The good news
I really don’t see how I could possibly leave the girls and Bish for more than a week at a time. Sigh.
One of my friends in my Tuesday evening art class is going to India in August. Her daughter is there, you know the ritual Israeli after-the-army trip, and she’s going over to visit her (To make sure she’s not overdoing the mushrooms and so on and so forth). In our last lesson, she was telling us about her plans. I suddenly realized I wanted to go too. I hadn’t been aware of this before.
And then yesterday there was an article in Yediot Aharonot about these two girls who organize spiritual trips for women to India. It sounds a bit too fluffy for me, but maybe I’ll give them a ring, get more details. Don’t hold your breath though.
Back to real life, the good news is that they’re not canceling Youngest’s special bus to school, next school year, after all, but we’ll have to participate in paying for it. Phew! Youngest was very nervous about this, because if the bus had been canceled she would have had to start taking the public transport. This in itself is no tragedy, I was getting the bus to school when I was her age, but then I didn’t live in the busy, hectic center of Tel Aviv. My bus line served a quiet neighborhood.
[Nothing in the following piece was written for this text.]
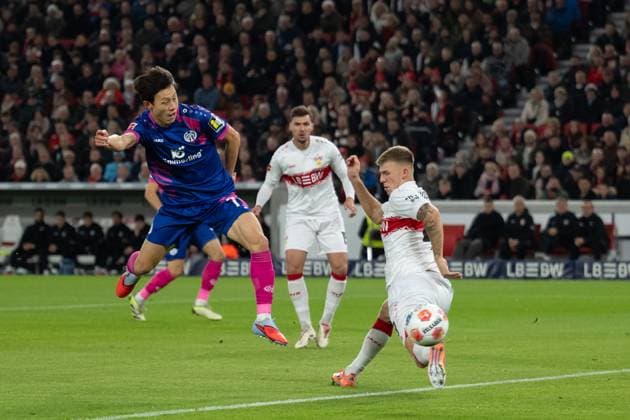 Torchance, Jae Sung Lee (1. FSV Mainz 05, 07), re. Finn Jeltsch (VfB Stuttgart 29) GER, VfB Stuttgart vs. 1. FSV Mainz 05, Fussball, Herren, 1. Bundesliga, 8. Spieltag, Spielzeit 2025 2026, 26.10.2025, DFL DFB REGULATIONS PROHIBIT ANY USE OF PHOTOGRAPHS AS IMAGE SEQUENCES AND OR QUASI-VIDEO, GER, VfB Stuttgart vs. 1. FSV Mainz 05, Fussball, Herren, 1. Bundesliga, 8. Spieltag, Spielzeit 2025 2026, 26.10.2025 Stuttgart Copyright: xEibner-Pressefoto WolfgangxFrankx EP_WFK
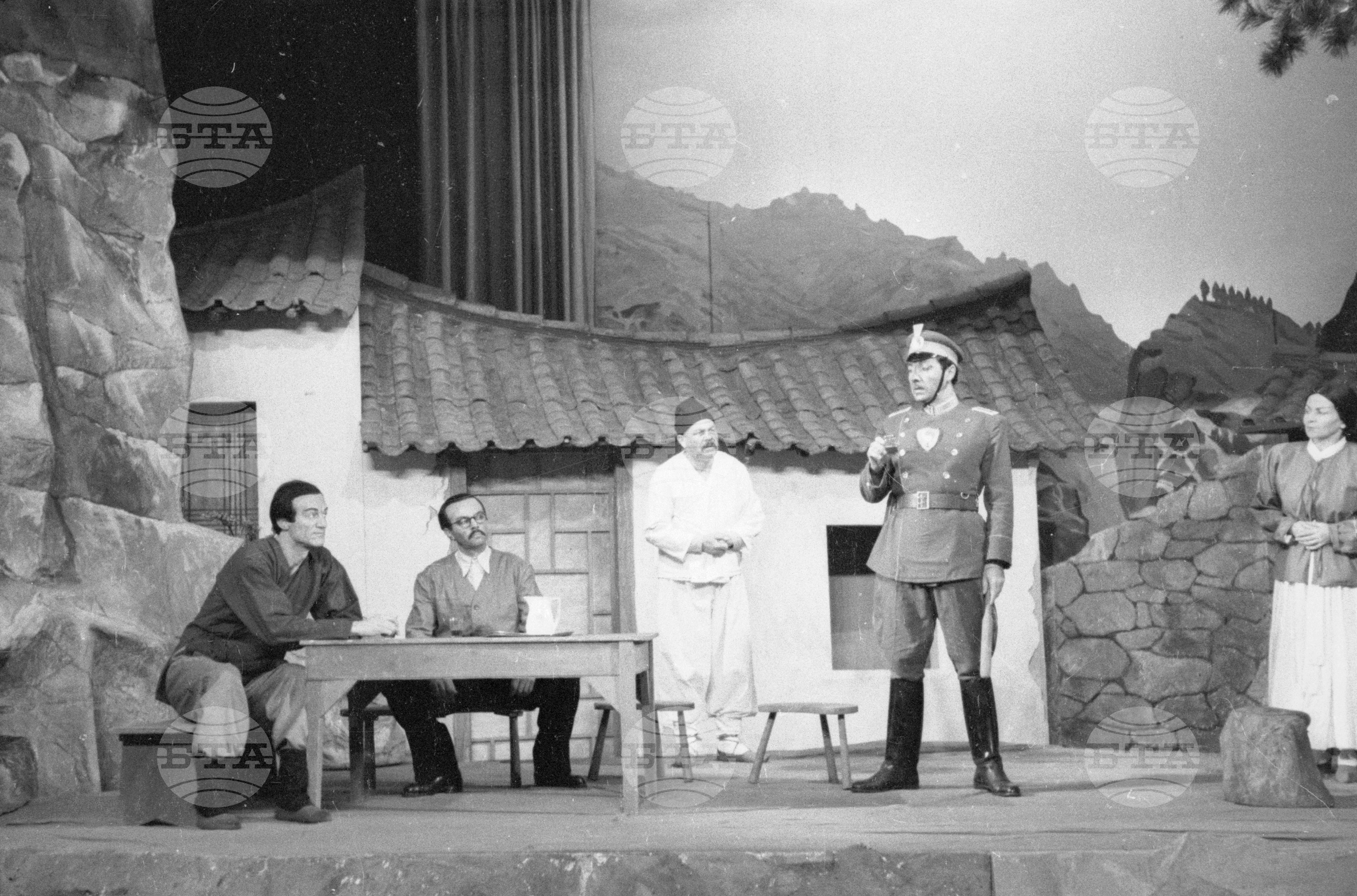 Театрално представление "Хора с добра воля", 1951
I can’t complain about having to pay, we can afford it. But it does seem unfair for those who are less fortunate than us. One of the mothers suggested that the canceling-the-bus exercise was a “Door in Face” manipulation, so we wouldn’t kick up a fuss about having to pay. If so it worked beautifully, but someone else reckons the real reason was that the parents managed to get an article about it in a local newspaper, so the powers that be backed down to avoid more fuss.
For those of you who have just switched on, Youngest doesn’t go to our neighborhood school, but to a school a bit further away with a class for what I call ‘Budding Matildas’. Youngest wasn’t very happy in her previous class and she’s really having a good time now. She has far more friends, and the teachers seem better equipped to deal with her temperament (which tends to be on the stormy side, bless her).
From today she joins Eldest on vacation. A whole two months to go. Summer vacation tends to be a strain on working mothers, although far less for me now that they are both quite big (Eldest is nearly 13 and Youngest is 9). (Aren’t I the cool collected one? Don’t believe it for a minute, it’s an act. By the end of August I promise you I’ll be a nervous wreck, even more than usual).